Ce livre, comme son nom l'indique, propose un ensemble de ressources pour le·a thérapeute ou l'apprenti·e-thérapeute rogérien·ne. Des efforts sont faits pour que l'état de la science, les débats recensés, soient contemporains, puisque le livre a déjà été réédité une fois (2013) depuis sa parution en 2007. Les contributeur·ice.s sont nombreux·ses, le contenu est à la fois exigeant (pour la plupart des chapitre, l'historique du sujet, l'état de la science, les zones non consensuelles sont exposés), ouvert (les piliers ne sont pas présentés comme des dogmes, et sont parfois nuancés et discutés), et des ressources sont toujours proposées pour aller plus loin : à aucun moment le livre, bien que largement sourcé et documenté, ne propose de réponses figées, mais donne des éléments pour mieux s'approprier chaque sujet.
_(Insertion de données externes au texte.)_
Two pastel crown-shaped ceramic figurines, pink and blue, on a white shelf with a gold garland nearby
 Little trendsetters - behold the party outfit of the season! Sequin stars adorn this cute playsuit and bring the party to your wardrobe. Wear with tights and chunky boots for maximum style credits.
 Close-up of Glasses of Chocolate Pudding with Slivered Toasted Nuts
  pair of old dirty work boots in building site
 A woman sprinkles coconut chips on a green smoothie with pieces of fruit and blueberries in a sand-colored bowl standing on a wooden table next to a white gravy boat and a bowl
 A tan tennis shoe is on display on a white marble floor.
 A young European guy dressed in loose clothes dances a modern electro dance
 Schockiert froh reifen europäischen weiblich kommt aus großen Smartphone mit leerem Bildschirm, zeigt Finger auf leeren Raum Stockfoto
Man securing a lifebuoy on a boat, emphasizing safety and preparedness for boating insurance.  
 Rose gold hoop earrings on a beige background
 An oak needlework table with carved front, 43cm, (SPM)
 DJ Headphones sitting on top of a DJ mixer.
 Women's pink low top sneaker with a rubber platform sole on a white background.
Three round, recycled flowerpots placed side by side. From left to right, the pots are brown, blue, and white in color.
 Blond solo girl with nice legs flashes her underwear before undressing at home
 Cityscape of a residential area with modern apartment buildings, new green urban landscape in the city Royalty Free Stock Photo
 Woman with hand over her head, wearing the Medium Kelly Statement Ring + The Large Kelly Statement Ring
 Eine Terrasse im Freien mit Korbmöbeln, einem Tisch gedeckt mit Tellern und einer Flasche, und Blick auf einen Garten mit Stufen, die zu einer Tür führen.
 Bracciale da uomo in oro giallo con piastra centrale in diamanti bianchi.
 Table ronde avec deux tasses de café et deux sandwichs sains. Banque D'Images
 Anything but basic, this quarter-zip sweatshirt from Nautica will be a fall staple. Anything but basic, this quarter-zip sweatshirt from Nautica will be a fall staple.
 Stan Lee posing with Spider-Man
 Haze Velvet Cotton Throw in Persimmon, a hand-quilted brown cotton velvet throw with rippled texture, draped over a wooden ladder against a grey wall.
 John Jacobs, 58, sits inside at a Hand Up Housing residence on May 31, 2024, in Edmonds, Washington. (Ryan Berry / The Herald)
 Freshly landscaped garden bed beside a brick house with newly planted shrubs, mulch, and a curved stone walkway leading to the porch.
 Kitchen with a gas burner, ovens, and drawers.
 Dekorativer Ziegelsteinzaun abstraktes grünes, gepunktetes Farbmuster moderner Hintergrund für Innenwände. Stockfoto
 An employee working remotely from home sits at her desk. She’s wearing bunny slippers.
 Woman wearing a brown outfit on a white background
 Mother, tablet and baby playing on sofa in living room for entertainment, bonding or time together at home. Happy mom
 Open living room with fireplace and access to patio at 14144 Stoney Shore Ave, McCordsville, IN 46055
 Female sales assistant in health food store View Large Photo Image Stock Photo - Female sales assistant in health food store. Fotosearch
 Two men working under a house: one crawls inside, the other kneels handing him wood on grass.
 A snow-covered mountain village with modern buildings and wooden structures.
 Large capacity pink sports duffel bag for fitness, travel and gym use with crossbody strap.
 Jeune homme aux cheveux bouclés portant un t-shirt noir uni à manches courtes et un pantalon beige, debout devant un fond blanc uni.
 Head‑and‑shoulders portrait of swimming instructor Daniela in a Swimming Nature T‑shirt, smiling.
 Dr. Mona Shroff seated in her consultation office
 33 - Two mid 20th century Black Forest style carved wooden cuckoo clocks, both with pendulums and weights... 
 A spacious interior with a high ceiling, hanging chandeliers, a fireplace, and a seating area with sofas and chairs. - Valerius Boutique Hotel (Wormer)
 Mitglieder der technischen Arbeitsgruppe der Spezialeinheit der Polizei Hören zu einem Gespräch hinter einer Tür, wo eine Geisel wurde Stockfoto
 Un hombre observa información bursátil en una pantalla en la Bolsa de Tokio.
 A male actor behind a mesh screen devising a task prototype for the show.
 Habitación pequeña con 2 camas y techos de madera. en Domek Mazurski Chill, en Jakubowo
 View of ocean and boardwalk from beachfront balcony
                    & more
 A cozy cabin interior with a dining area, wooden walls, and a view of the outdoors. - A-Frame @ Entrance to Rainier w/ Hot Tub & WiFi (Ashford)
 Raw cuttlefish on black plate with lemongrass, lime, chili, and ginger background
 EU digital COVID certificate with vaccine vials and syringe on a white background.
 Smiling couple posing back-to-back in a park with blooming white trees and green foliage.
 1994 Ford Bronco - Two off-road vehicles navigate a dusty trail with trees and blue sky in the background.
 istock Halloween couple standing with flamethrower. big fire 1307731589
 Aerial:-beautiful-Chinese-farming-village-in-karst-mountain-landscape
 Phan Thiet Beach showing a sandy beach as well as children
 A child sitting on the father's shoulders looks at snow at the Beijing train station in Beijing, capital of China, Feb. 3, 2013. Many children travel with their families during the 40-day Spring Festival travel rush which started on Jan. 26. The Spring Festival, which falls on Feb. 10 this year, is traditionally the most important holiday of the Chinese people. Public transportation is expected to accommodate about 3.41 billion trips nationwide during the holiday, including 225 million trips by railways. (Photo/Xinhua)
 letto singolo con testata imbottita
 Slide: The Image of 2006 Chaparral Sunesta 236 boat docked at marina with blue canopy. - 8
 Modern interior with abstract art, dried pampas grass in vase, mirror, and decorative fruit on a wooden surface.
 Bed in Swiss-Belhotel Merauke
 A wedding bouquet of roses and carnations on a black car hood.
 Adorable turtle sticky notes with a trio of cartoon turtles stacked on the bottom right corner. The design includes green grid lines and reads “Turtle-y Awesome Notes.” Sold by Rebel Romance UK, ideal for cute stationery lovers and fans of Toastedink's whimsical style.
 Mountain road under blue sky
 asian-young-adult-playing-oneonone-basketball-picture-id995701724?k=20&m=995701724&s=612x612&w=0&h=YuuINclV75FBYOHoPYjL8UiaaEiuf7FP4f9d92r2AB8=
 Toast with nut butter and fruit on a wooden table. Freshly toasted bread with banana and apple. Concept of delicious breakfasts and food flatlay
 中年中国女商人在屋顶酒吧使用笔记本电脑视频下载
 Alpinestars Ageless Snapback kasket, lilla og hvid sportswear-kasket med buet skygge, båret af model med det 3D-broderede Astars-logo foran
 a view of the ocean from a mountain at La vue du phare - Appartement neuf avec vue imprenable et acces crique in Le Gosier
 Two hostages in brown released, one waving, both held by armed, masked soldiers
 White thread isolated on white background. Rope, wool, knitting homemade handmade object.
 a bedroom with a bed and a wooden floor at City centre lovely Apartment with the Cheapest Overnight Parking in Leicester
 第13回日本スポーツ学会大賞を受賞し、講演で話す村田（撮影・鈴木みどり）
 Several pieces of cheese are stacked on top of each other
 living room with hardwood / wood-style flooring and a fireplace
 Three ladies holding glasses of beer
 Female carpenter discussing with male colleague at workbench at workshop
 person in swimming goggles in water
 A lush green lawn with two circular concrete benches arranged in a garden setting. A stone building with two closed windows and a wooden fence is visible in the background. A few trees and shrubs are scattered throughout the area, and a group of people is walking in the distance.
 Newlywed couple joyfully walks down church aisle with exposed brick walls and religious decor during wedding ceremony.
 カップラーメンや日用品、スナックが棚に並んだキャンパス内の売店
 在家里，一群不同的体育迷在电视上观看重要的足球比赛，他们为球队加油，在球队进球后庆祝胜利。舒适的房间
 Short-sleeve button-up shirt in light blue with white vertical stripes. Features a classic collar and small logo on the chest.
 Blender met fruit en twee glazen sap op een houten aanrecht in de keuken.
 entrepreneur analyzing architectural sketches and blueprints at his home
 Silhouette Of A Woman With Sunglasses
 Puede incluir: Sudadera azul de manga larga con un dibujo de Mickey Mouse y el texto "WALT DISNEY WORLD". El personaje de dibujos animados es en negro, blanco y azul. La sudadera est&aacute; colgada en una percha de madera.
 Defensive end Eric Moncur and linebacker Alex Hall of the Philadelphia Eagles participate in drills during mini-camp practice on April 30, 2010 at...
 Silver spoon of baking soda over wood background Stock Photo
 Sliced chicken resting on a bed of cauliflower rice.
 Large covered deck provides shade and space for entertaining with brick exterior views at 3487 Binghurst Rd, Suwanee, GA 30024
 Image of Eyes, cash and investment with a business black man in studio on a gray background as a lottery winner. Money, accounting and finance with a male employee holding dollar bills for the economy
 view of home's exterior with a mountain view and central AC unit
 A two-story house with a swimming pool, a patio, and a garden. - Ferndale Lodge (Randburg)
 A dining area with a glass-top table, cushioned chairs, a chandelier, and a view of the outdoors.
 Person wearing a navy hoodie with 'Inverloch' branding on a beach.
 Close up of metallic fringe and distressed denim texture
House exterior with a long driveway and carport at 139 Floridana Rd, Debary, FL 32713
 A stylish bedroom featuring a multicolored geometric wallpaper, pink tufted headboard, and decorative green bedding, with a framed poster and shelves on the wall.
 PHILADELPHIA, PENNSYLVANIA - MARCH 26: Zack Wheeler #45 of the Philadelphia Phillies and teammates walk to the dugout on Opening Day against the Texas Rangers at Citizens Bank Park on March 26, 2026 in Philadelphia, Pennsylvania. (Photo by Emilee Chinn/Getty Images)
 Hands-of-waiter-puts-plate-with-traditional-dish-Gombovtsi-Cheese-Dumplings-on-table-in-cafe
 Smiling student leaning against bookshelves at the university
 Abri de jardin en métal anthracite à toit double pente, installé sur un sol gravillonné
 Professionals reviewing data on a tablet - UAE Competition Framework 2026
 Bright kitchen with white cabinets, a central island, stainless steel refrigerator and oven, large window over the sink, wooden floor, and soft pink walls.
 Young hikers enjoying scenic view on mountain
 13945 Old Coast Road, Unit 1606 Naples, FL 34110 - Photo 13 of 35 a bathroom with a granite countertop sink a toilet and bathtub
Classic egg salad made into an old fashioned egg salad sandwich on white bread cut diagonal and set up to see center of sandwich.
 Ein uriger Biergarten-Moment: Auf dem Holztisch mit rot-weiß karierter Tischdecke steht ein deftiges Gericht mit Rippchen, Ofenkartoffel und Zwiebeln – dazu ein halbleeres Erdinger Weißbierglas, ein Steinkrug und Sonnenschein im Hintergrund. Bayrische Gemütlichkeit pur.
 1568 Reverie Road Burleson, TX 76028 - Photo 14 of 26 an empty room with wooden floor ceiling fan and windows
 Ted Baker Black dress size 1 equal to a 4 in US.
Les deux premières parties concernent respectivement les racines théoriques et les concepts fondamentaux de l'ACP. Les liens avec le travail de Martin Buber, la philosophie existentielle (par exemple l'importance donnée à l'autodétermination) et la phénoménologie (accueillir ce qui vient, sans juger ni orienter) sont donc détaillés, et les piliers cliniques les plus incontournables sont explorés en profondeur (le contact psychologique, la congruence, l'empathie, le regard positif inconditionnel, ...), avec des explications théoriques et pratiques. La première partie contient aussi un chapitre sur les liens entre Rogers et la spiritualité, ce qui peut dans un premier temps surprendre mais est en fait cohérent avec son parcours de vie (élevé dans une famille très religieuse, ayant même débuté des études de théologie, il s'est progressivement éloigné de la religion, quand il ne rejetait pas franchement certains aspects du fondamentalisme religieux -rigidité morale, condescendance envers les croyants d'autres religions, ...-, avant vers la fin de sa vie de se rapprocher de la spiritualité). Si la seconde partie documente largement les racines de l'ACP, elle consacre aussi des chapitres à quelques branches, comme la pré-thérapie, l'ACP appliquée à l'art-thérapie ou encore les conditions pour intégrer l'ACP à d'autres méthodes thérapeutiques de façon satisfaisante.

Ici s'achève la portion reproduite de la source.